■ WORK TO BE COMPLETED: Read the lines of the data below and retrieve those with "Used".

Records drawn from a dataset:
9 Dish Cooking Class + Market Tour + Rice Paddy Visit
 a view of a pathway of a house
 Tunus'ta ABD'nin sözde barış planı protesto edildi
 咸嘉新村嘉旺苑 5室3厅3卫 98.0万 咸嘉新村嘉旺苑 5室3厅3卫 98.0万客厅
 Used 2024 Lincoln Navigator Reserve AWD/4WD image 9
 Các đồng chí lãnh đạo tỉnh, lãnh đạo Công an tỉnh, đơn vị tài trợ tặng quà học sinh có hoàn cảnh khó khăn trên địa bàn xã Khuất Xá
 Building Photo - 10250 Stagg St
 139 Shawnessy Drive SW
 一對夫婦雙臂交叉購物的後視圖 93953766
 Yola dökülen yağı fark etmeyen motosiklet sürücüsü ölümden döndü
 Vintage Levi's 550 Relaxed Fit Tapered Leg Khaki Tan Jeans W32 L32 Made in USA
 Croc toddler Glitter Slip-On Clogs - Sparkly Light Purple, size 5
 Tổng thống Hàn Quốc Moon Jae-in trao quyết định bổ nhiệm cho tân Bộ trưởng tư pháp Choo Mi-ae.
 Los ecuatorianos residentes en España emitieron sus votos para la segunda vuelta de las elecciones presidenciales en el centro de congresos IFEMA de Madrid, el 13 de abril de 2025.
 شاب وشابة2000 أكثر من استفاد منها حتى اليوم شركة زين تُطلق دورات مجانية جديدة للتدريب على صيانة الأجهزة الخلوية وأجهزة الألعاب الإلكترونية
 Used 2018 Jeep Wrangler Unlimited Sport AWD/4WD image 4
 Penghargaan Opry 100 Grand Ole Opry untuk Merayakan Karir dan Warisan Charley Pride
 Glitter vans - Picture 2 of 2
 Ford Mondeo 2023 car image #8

■ ANSWER AREA:
 Used 2024 Lincoln Navigator Reserve AWD/4WD image 9
 Used 2018 Jeep Wrangler Unlimited Sport AWD/4WD image 4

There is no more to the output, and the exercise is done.